[[ DATA TO PROCESS, beginning ]]

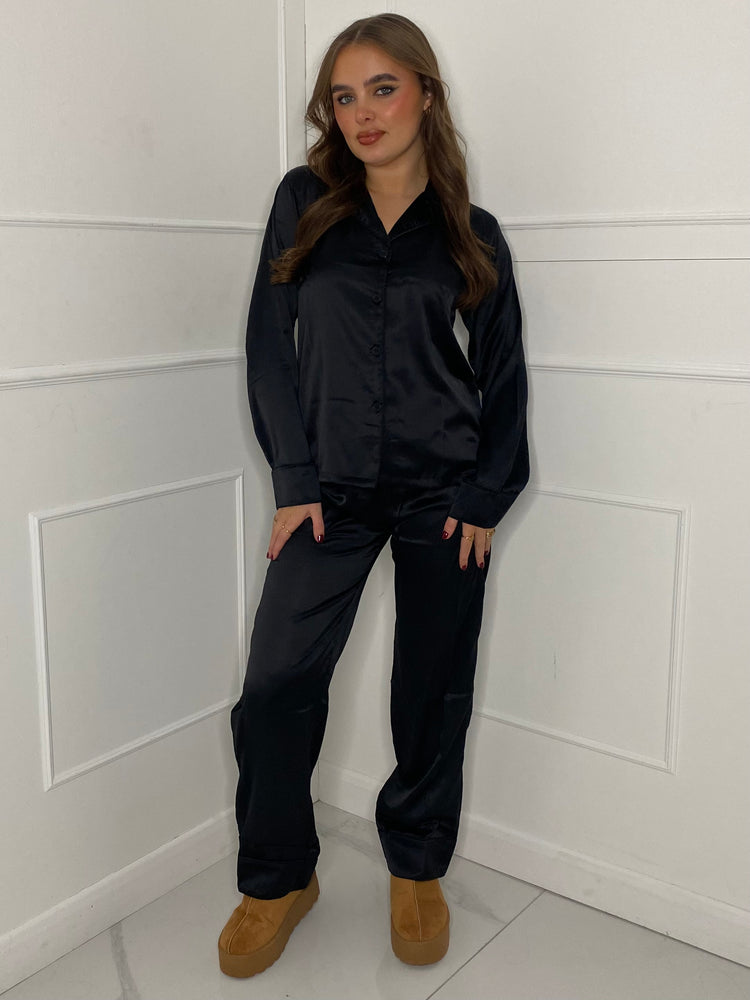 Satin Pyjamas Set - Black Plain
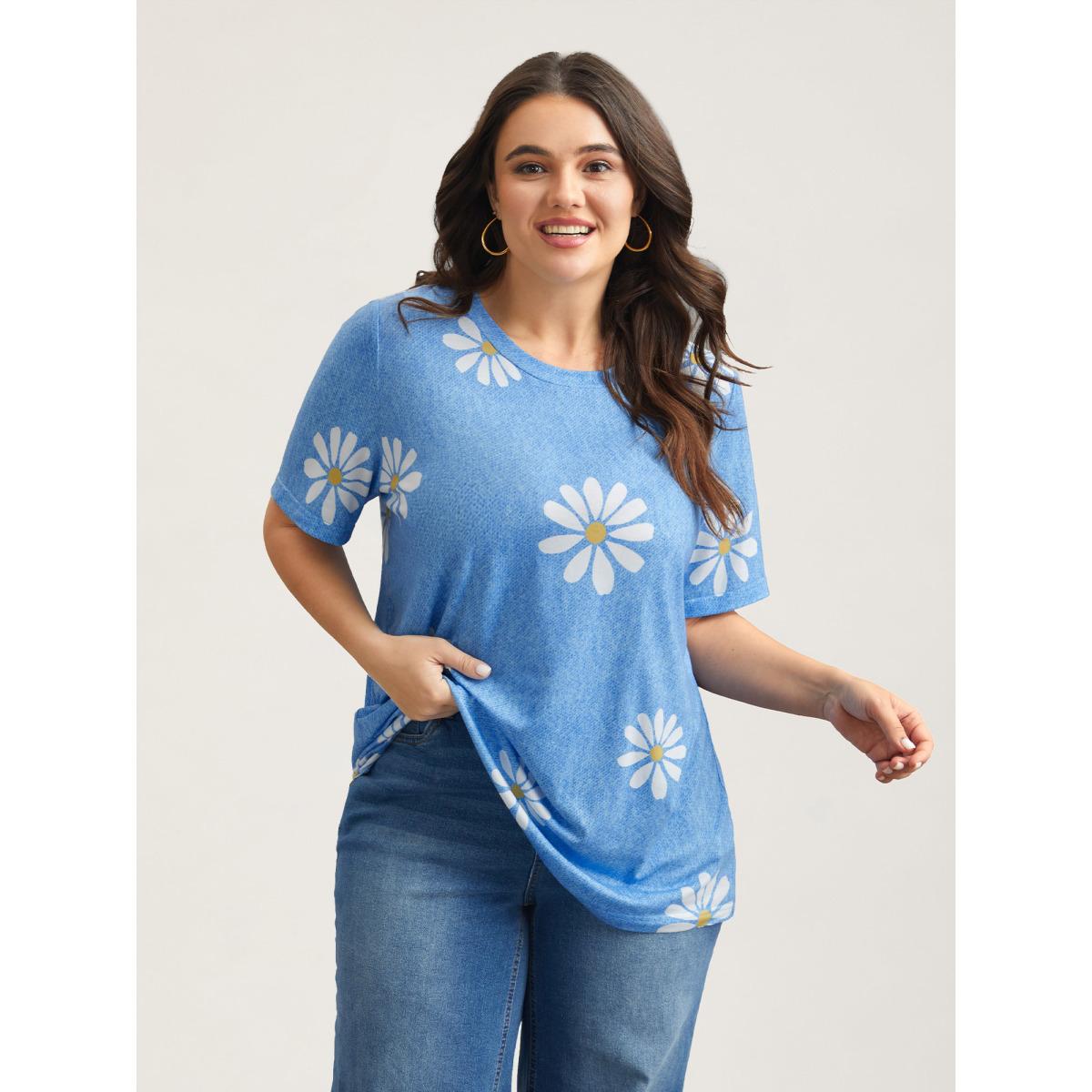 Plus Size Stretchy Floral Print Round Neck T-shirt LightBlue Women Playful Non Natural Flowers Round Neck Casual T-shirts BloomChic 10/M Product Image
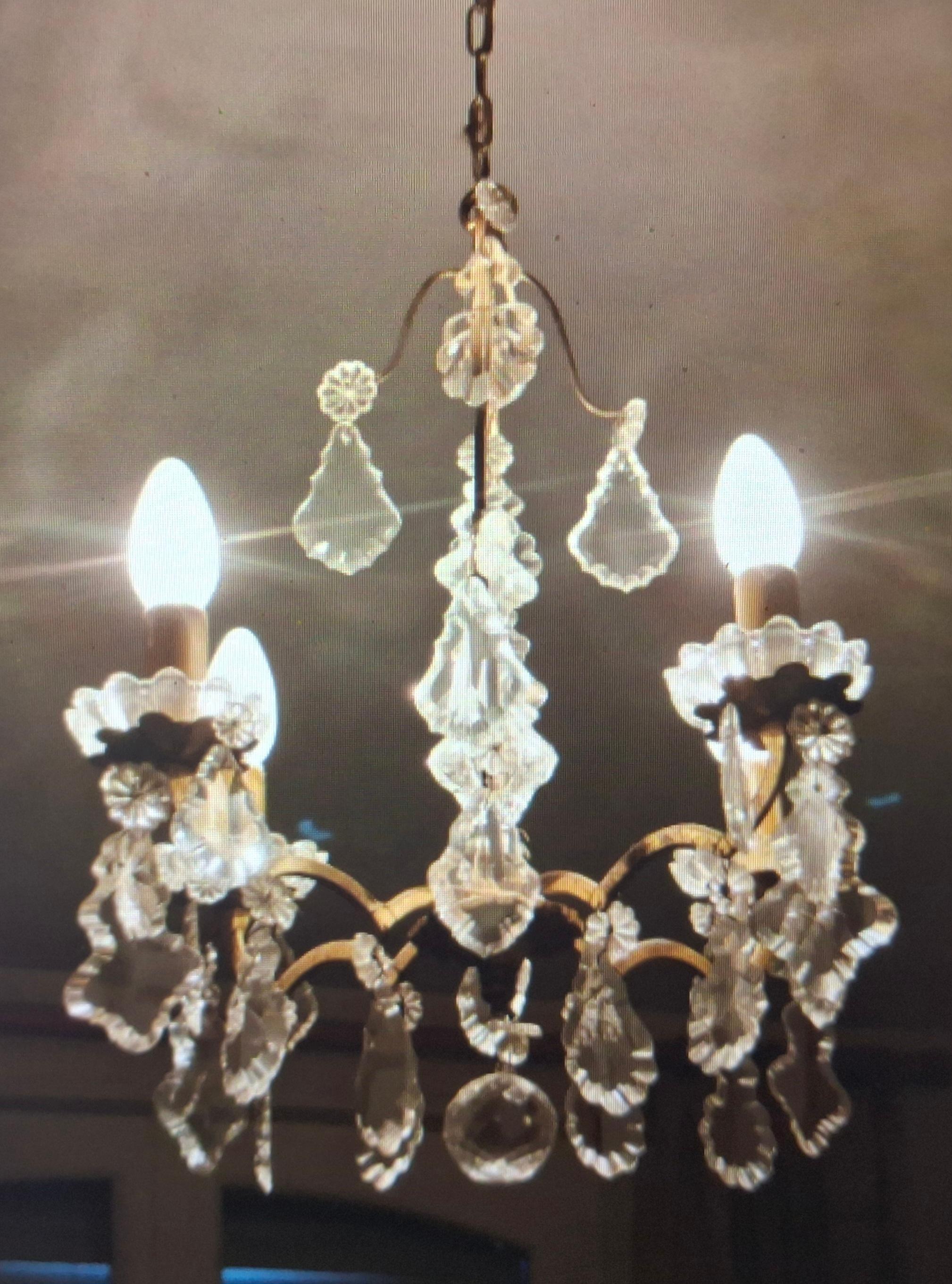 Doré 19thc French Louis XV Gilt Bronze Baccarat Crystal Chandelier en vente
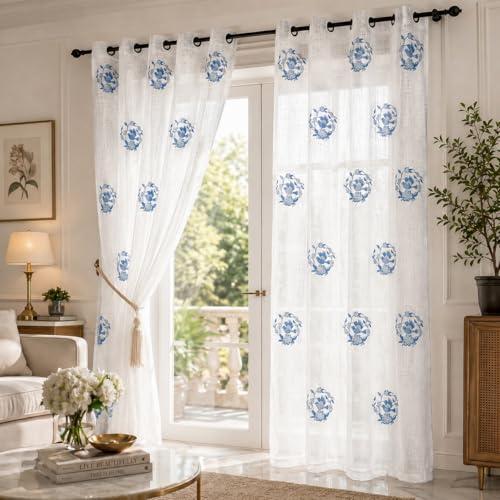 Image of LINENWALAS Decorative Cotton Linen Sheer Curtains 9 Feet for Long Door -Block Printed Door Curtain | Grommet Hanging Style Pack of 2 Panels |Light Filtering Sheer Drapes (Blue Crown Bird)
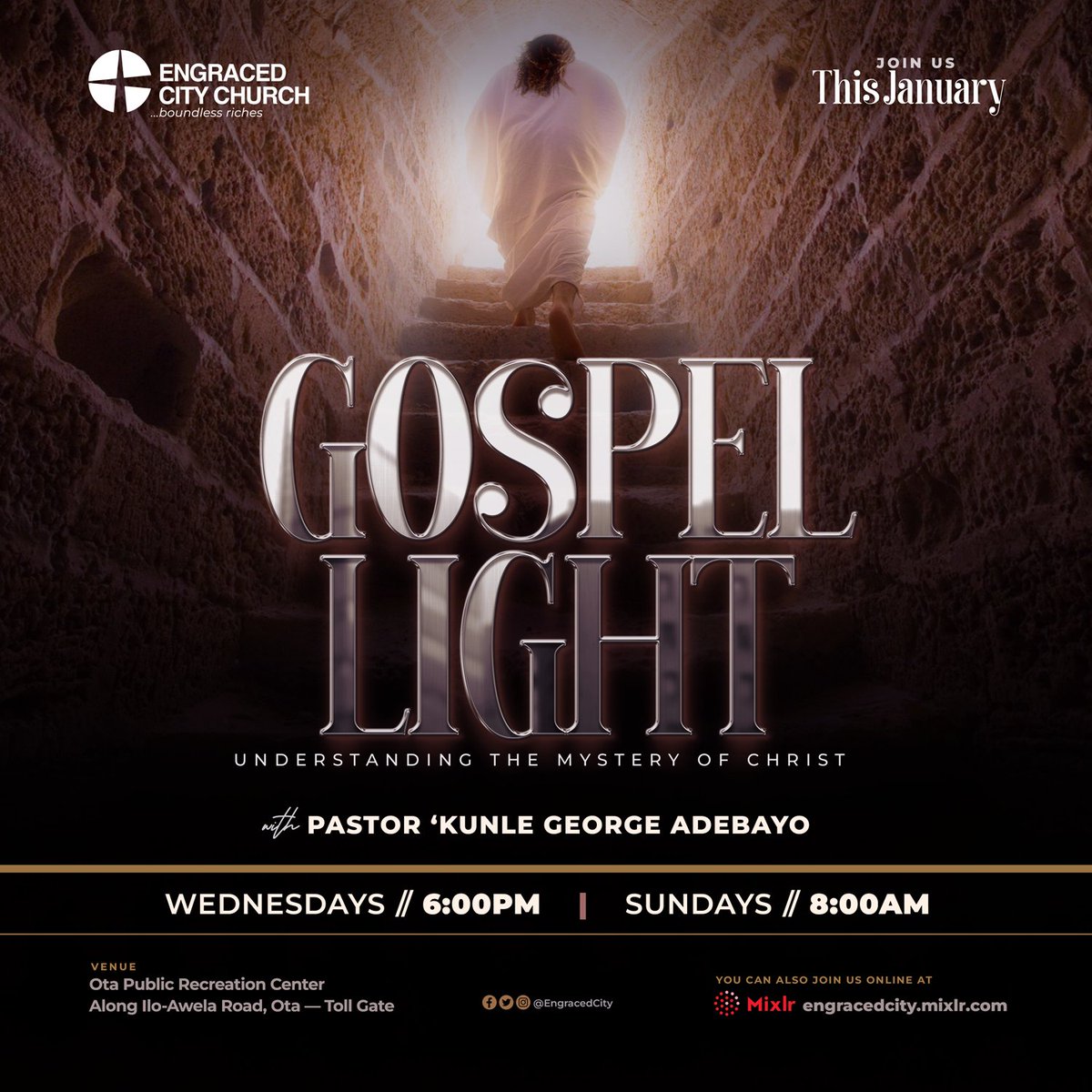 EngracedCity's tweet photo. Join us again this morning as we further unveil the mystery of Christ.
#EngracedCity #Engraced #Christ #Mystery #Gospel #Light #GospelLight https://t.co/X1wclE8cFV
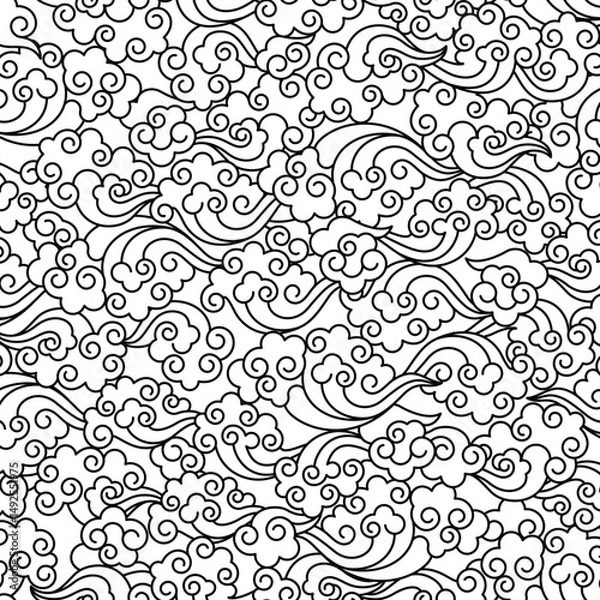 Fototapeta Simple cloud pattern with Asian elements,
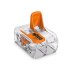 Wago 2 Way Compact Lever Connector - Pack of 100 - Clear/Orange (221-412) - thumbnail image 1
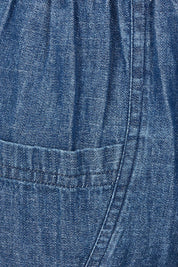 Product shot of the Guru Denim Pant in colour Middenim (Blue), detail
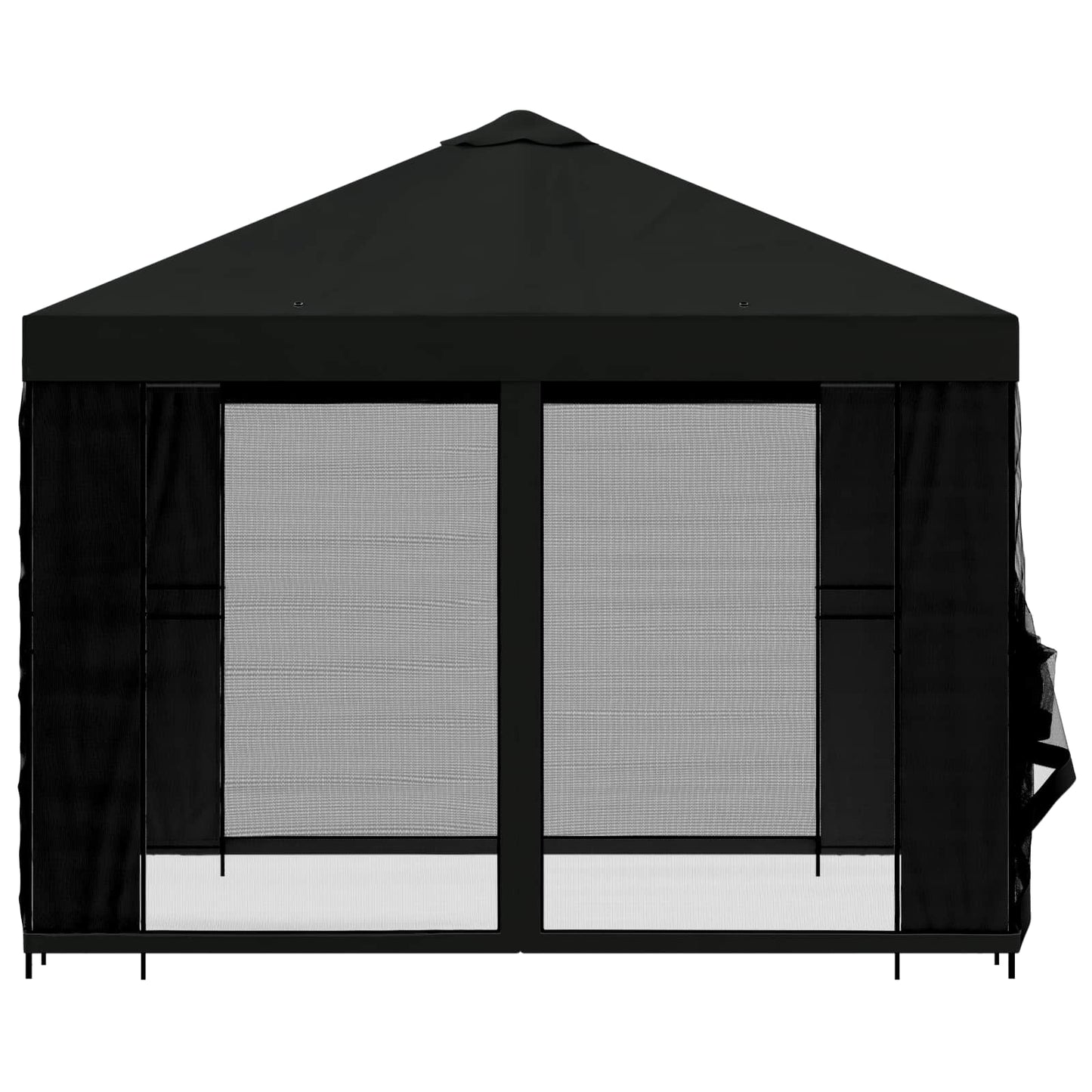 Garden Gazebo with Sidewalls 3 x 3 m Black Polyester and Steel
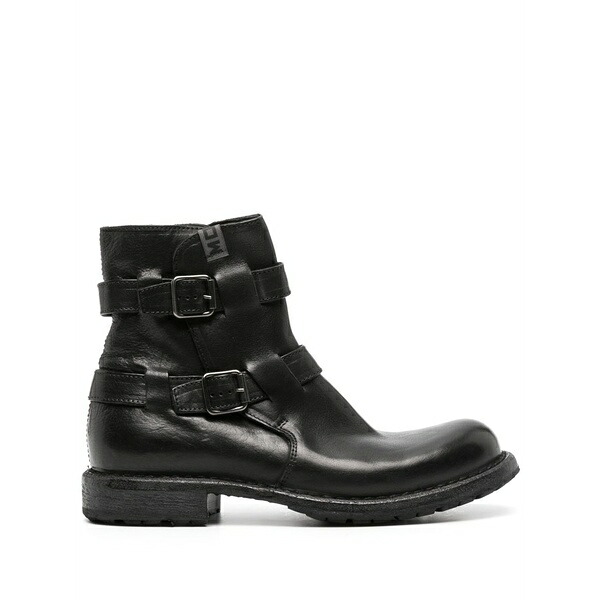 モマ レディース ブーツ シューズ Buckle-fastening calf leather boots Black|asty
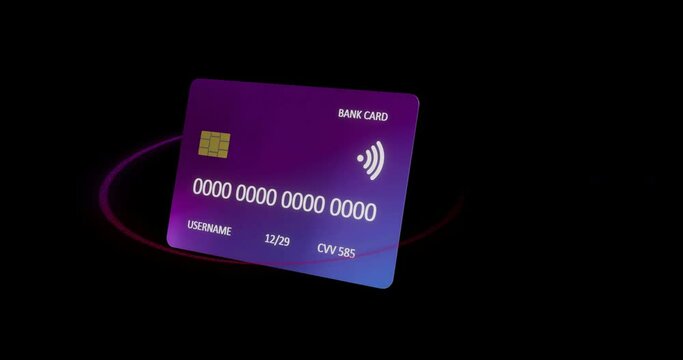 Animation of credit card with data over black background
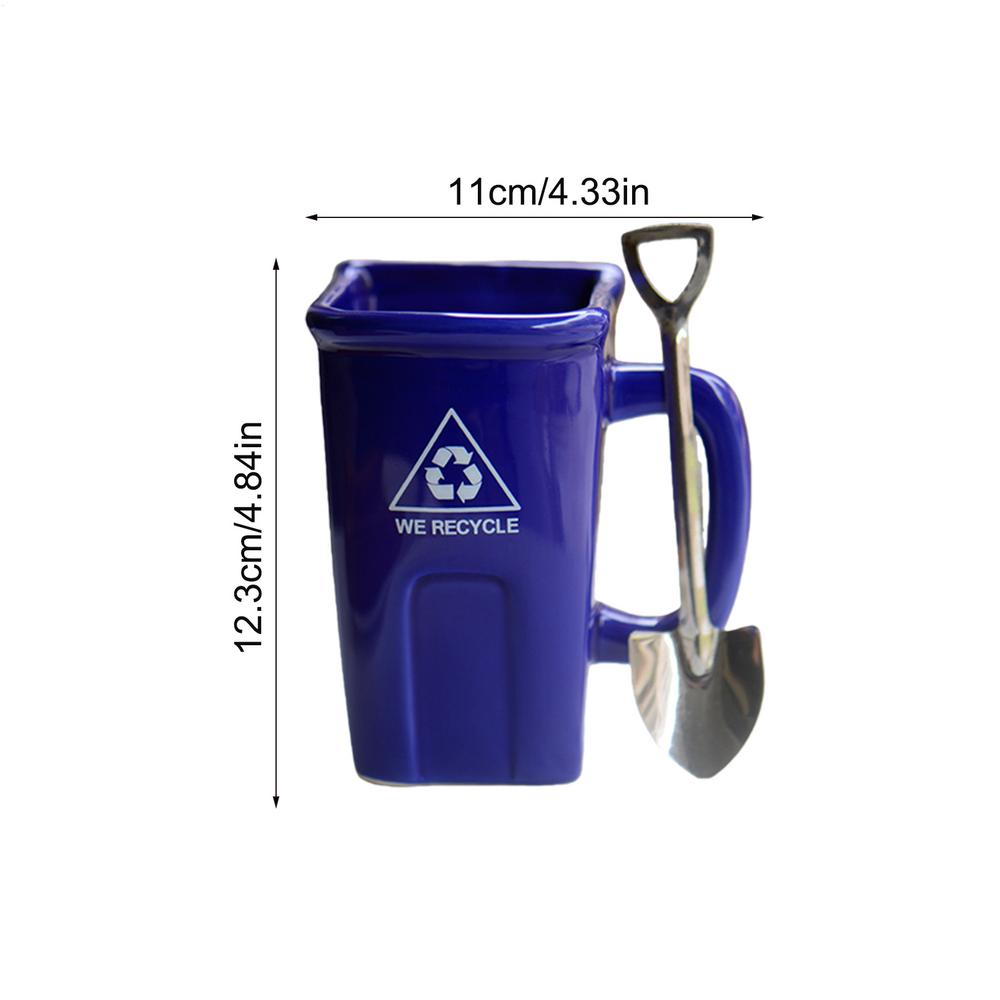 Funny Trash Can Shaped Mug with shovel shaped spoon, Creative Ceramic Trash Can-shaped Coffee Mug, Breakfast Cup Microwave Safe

[[ DATA TO PROCESS, end ]]

§ **AIM OF THE EXERCISE**
Look through the material above. Transcribe exactly the lines between the ones with "EngracedCity's tweet photo." and "Product shot of", inclusive, and keep pictures out.

§ **ANSWER BOX**
 EngracedCity's tweet photo. Join us again this morning as we further unveil the mystery of Christ.
#EngracedCity #Engraced #Christ #Mystery #Gospel #Light #GospelLight https://t.co/X1wclE8cFV
 Fototapeta Simple cloud pattern with Asian elements,
 Wago 2 Way Compact Lever Connector - Pack of 100 - Clear/Orange (221-412) - thumbnail image 1
 Product shot of the Guru Denim Pant in colour Middenim (Blue), detail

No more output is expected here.